In our November 2012 newsletter, we reported that in its response to the consultation paper it published earlier in 2012, the Ministry of Justice confirmed that American-style Deferred Prosecution Agreements ("DPAs") would become available in England and Wales and that legislative proposals to be introduced in this regard would be introduced as amendments to the Crime and Courts Bill.  That bill received Royal Assent on 25 April this year and the relevant provisions regarding DPAs are expected to come into force in early 2014.  We recap below some key points in relation to DPAs.

How DPAs will operate

A DPA will act as a plea bargain, and will allow a company publicly to admit past wrongdoing whilst paying penalties, undertaking internal reforms, or agreeing to external monitoring, in exchange for immunity from prosecution.  The agreements will be overseen by an independent Judge.  If the court decides to approve the DPA, it must do so in open court, giving reasons with the outcome published to ensure transparency.  Various admissions would be made by the company which is party to the DPA, but provided the company complies with the terms of the agreement, the prosecution would be dropped after a pre-determined period.  The prosecutor could, however, revive criminal proceedings and rely on admissions made in the DPA if the agreement was subsequently breached.  Further key aspects of the proposed DPA system are:

  • The decision to enter into DPA negotiations is to be governed by a code for prosecutors, to be jointly issued by the Director of Public Prosecutions and the Serious Fraud Office (SFO).
  • The decision to offer a DPA will require the personal approval of the Director of Public Prosecutions or the Director of the SFO.
  • The decision to offer a DPA will also be subject to the approval of a Crown Court Judge at a preliminary hearing, held in private. The Judge needs to be satisfied that a DPA would be in the interests of justice, and that the proposed terms are fair, reasonable and proportionate. The reasons for his decision would become publicly available on the approval of the DPA.
  • The agreed DPA will require judicial approval in open court.
  • At the expiry of the agreed period, the prosecutor will publish details of how the terms and conditions of the DPA have been complied with.
  • Judicial approval will be required for any proposed variation or termination of a DPA.
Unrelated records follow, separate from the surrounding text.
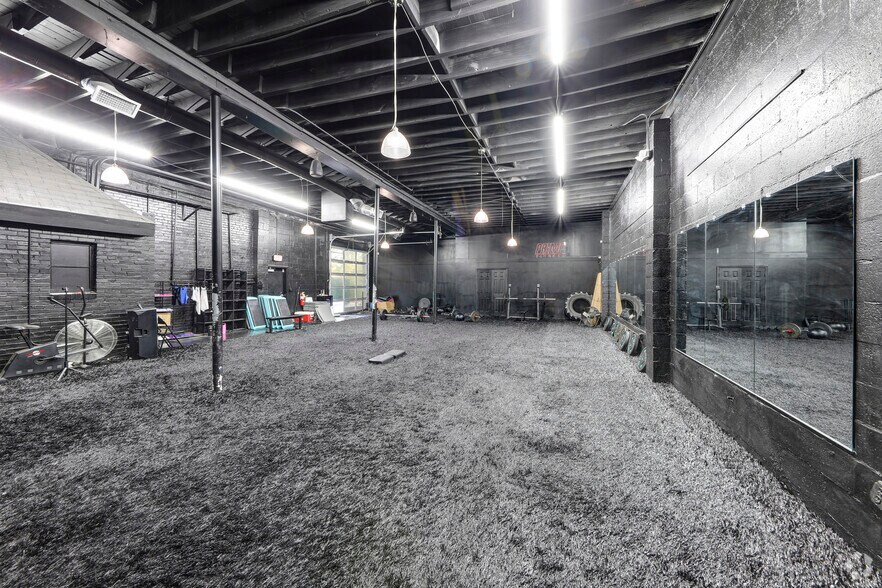 More Photos Of 631 N Central Ave, Hapeville Storefront For Sale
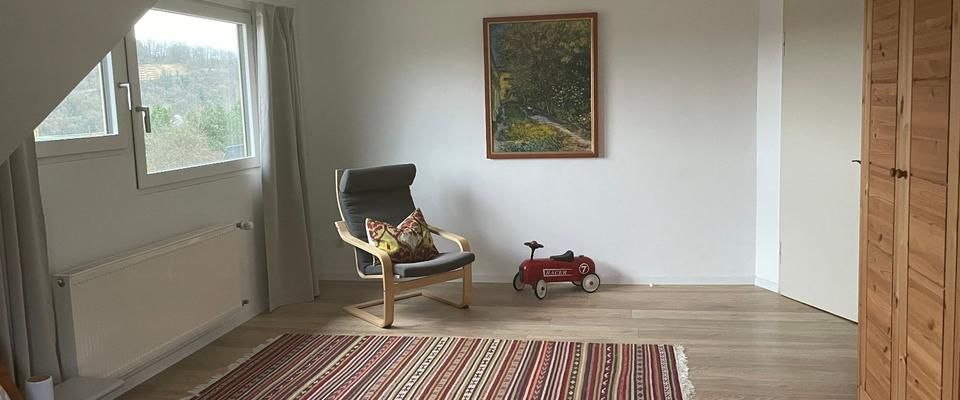 Gepflegte vollmöblierte 3-Zi DG-Wohnung mit Burgblick - Foto 1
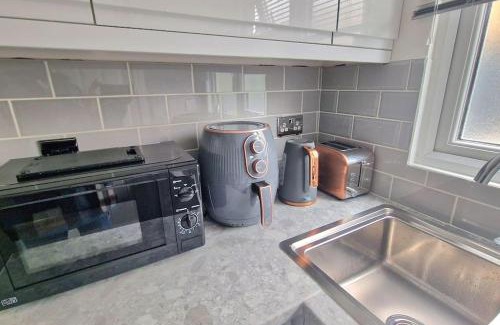 West Thurrock Apartamento | Private Garden Studio near London free Freeparking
What it is hoped DPAs will achieve

The SFO hopes that DPAs will enable it to identify and penalise a greater number of corporate offenders.  By encouraging organisations to self-report (not only their own wrongdoing, but also wrongdoing within their business sector or market), the SFO will be made aware of more crimes and obtain better evidence of them. This should result in more cases being brought to justice, whilst avoiding a full-blown prosecution (which itself has been a limiting factor in sanctioning corporates, given the cost and complexity of the cases involved).
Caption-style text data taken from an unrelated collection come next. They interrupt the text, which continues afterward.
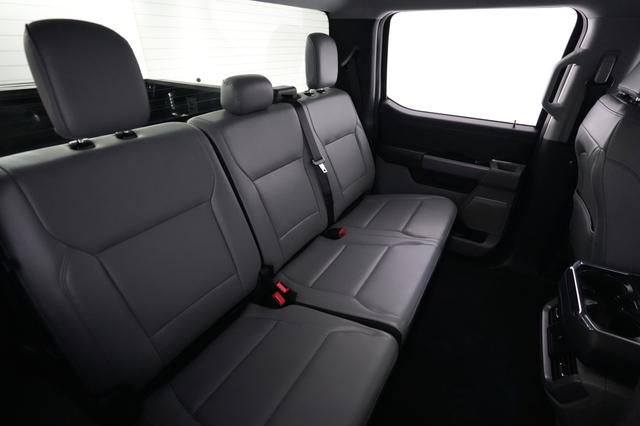 2025 Ford F-150 Lightning — photo 4 of 15
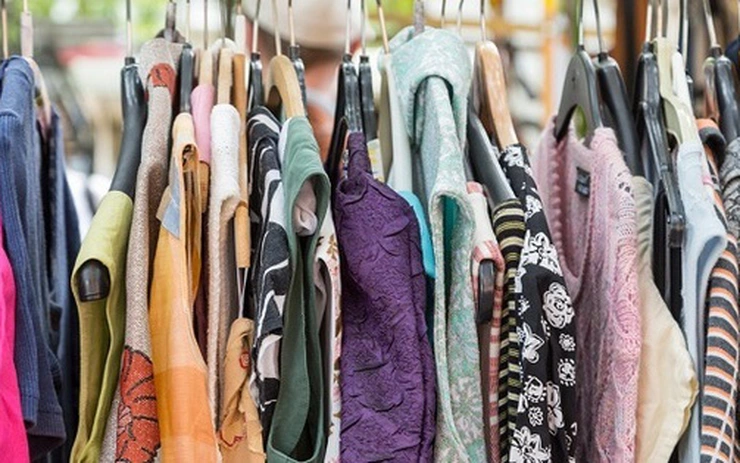Xứ huế có khu chợ tuổi đời gần 200 năm xưa chỉ là chợ bình thường nay nổi tiếng nhờ bán một loại đồ siêu rẻ - 3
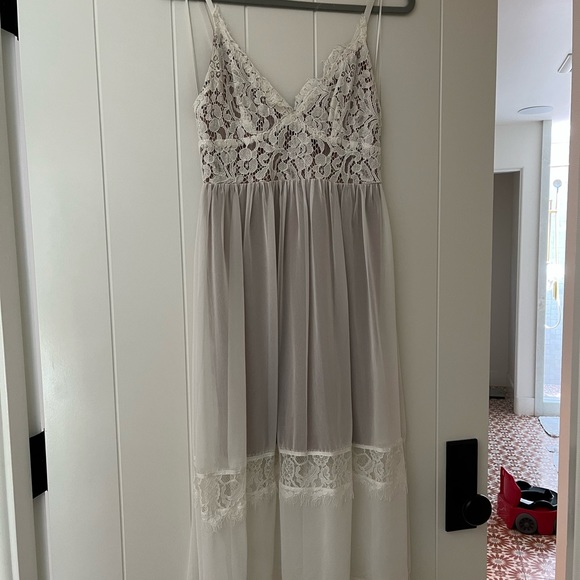 Lace summer dress. - Picture 1 of 2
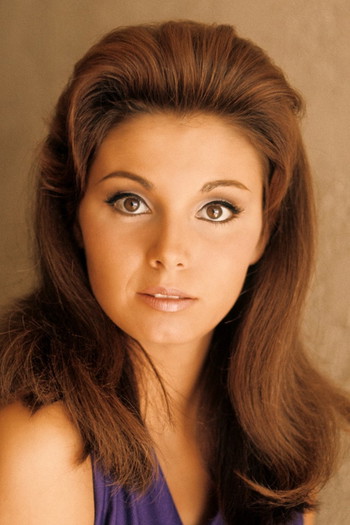 Photo of actress Victoria Vetri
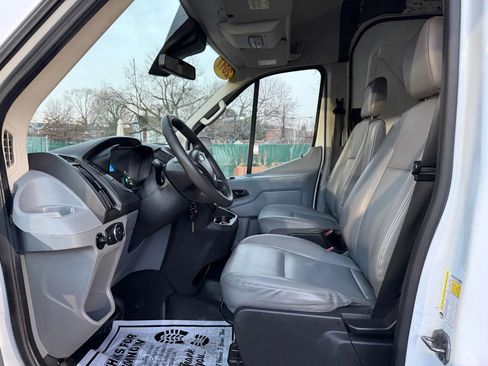 Used 2017 Ford Transit 250 130 Medium Roof image 9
From the company's perspective, the significant advantage of a DPA is that it offers certainty with respect to the potential liability for economic crimes and allows the matter to be closed off within a reasonable time-frame.  There would also be no formal conviction (although the company would have to publicly admit wrongdoing) and the risk of mandatory debarment from Government contracts would be reduced (provided that the terms of the agreement are complied with).
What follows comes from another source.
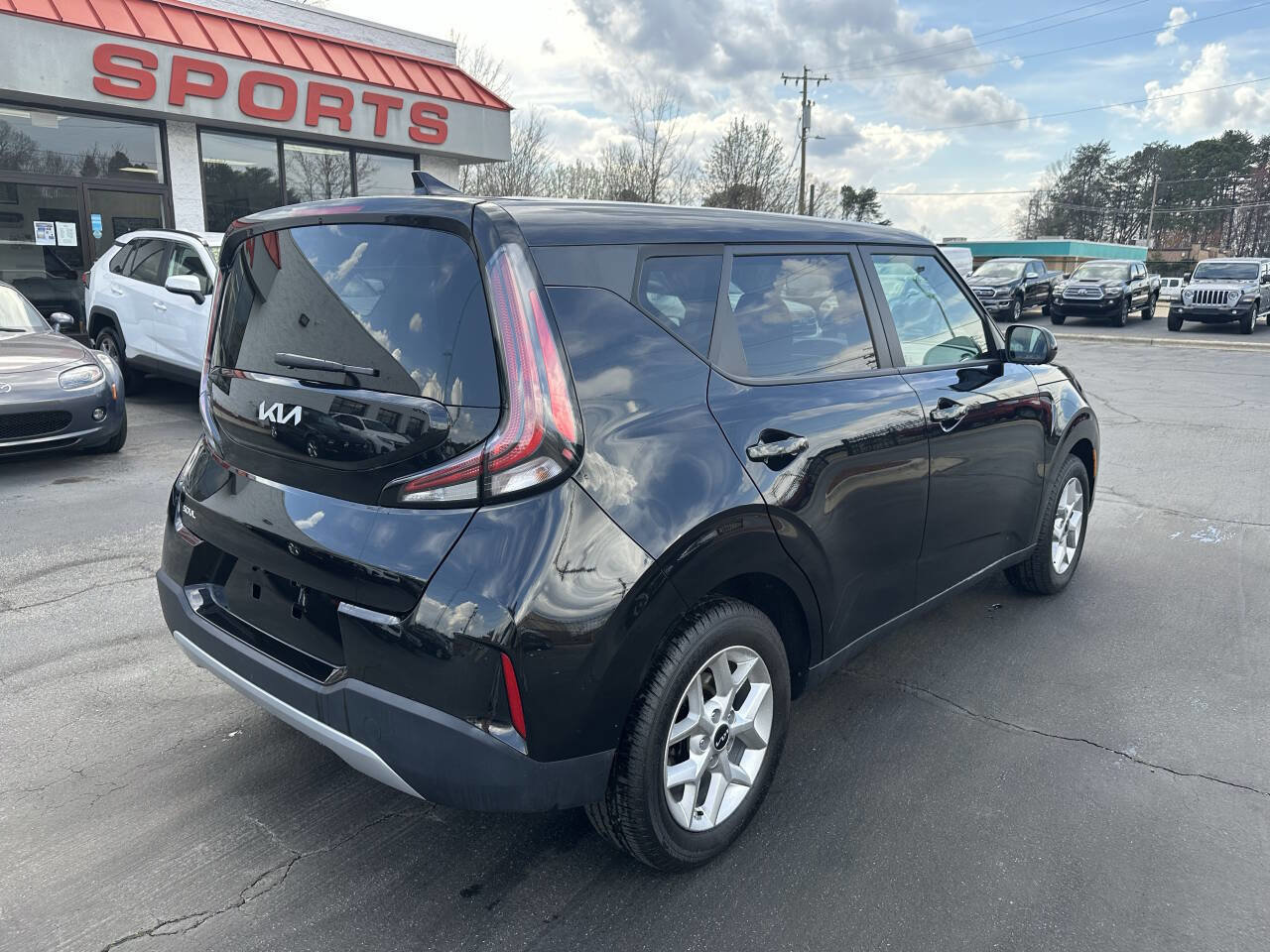 Used 2024 Kia Soul LX w/ Option Group 015 image 5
A risk for companies operating in multiple jurisdictions, however, is that foreign authorities investigating the same wrongdoing may be able to rely on admissions in the DPA in actions brought abroad. Companies which negotiate DPAs will, therefore, wish to ensure that they co-ordinate settlements in multiple jurisdictions.  In addition, DPAs will not extend to individuals involved in the wrongdoing, and a company could still find itself having to participate in those proceedings if the decision was made to prosecute individuals.